Work instructions. Repeat all of the records verbatim.

Short text fragments from websites
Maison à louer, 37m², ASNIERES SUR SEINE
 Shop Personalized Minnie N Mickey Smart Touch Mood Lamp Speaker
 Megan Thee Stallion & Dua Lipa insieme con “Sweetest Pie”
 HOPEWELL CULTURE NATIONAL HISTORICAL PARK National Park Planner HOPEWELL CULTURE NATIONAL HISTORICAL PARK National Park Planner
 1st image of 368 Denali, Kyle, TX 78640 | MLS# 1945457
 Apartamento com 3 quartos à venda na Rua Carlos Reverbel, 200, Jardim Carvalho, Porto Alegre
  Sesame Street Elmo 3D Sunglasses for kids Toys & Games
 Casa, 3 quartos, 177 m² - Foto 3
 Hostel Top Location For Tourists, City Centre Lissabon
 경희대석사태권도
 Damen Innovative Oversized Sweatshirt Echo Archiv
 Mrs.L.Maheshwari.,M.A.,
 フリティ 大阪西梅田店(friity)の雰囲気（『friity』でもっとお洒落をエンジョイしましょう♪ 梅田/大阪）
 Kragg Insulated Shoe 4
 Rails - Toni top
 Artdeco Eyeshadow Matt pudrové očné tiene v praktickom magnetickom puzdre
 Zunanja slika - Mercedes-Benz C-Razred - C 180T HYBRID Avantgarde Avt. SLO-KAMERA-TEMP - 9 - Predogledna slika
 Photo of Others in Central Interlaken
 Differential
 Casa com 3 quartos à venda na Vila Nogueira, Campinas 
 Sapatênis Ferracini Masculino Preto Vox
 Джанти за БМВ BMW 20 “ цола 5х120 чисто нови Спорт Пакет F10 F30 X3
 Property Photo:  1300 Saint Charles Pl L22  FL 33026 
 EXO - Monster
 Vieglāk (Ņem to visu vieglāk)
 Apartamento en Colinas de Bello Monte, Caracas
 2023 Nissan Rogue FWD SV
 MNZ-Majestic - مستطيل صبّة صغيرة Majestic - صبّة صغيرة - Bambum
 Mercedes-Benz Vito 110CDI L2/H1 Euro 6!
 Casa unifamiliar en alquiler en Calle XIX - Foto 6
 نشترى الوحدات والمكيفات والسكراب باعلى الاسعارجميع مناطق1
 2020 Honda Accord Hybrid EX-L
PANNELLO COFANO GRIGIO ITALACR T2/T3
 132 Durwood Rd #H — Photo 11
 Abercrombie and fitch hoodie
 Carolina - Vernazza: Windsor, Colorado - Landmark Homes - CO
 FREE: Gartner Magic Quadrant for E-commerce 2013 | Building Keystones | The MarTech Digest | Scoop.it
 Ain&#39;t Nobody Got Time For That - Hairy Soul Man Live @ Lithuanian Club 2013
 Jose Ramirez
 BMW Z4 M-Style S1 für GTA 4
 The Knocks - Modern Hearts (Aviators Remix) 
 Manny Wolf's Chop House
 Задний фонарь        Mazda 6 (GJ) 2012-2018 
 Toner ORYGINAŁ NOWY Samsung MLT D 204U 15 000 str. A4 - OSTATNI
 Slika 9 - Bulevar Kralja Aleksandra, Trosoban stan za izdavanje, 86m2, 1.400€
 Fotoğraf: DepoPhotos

Expected answer.
Maison à louer, 37m², ASNIERES SUR SEINE
 Shop Personalized Minnie N Mickey Smart Touch Mood Lamp Speaker
 Megan Thee Stallion & Dua Lipa insieme con “Sweetest Pie”
 HOPEWELL CULTURE NATIONAL HISTORICAL PARK National Park Planner HOPEWELL CULTURE NATIONAL HISTORICAL PARK National Park Planner
 1st image of 368 Denali, Kyle, TX 78640 | MLS# 1945457
 Apartamento com 3 quartos à venda na Rua Carlos Reverbel, 200, Jardim Carvalho, Porto Alegre
  Sesame Street Elmo 3D Sunglasses for kids Toys & Games
 Casa, 3 quartos, 177 m² - Foto 3
 Hostel Top Location For Tourists, City Centre Lissabon
 경희대석사태권도
 Damen Innovative Oversized Sweatshirt Echo Archiv
 Mrs.L.Maheshwari.,M.A.,
 フリティ 大阪西梅田店(friity)の雰囲気（『friity』でもっとお洒落をエンジョイしましょう♪ 梅田/大阪）
 Kragg Insulated Shoe 4
 Rails - Toni top
 Artdeco Eyeshadow Matt pudrové očné tiene v praktickom magnetickom puzdre
 Zunanja slika - Mercedes-Benz C-Razred - C 180T HYBRID Avantgarde Avt. SLO-KAMERA-TEMP - 9 - Predogledna slika
 Photo of Others in Central Interlaken
 Differential
 Casa com 3 quartos à venda na Vila Nogueira, Campinas 
 Sapatênis Ferracini Masculino Preto Vox
 Джанти за БМВ BMW 20 “ цола 5х120 чисто нови Спорт Пакет F10 F30 X3
 Property Photo:  1300 Saint Charles Pl L22  FL 33026 
 EXO - Monster
 Vieglāk (Ņem to visu vieglāk)
 Apartamento en Colinas de Bello Monte, Caracas
 2023 Nissan Rogue FWD SV
 MNZ-Majestic - مستطيل صبّة صغيرة Majestic - صبّة صغيرة - Bambum
 Mercedes-Benz Vito 110CDI L2/H1 Euro 6!
 Casa unifamiliar en alquiler en Calle XIX - Foto 6
 نشترى الوحدات والمكيفات والسكراب باعلى الاسعارجميع مناطق1
 2020 Honda Accord Hybrid EX-L
PANNELLO COFANO GRIGIO ITALACR T2/T3
 132 Durwood Rd #H — Photo 11
 Abercrombie and fitch hoodie
 Carolina - Vernazza: Windsor, Colorado - Landmark Homes - CO
 FREE: Gartner Magic Quadrant for E-commerce 2013 | Building Keystones | The MarTech Digest | Scoop.it
 Ain&#39;t Nobody Got Time For That - Hairy Soul Man Live @ Lithuanian Club 2013
 Jose Ramirez
 BMW Z4 M-Style S1 für GTA 4
 The Knocks - Modern Hearts (Aviators Remix) 
 Manny Wolf's Chop House
 Задний фонарь        Mazda 6 (GJ) 2012-2018 
 Toner ORYGINAŁ NOWY Samsung MLT D 204U 15 000 str. A4 - OSTATNI
 Slika 9 - Bulevar Kralja Aleksandra, Trosoban stan za izdavanje, 86m2, 1.400€
 Fotoğraf: DepoPhotos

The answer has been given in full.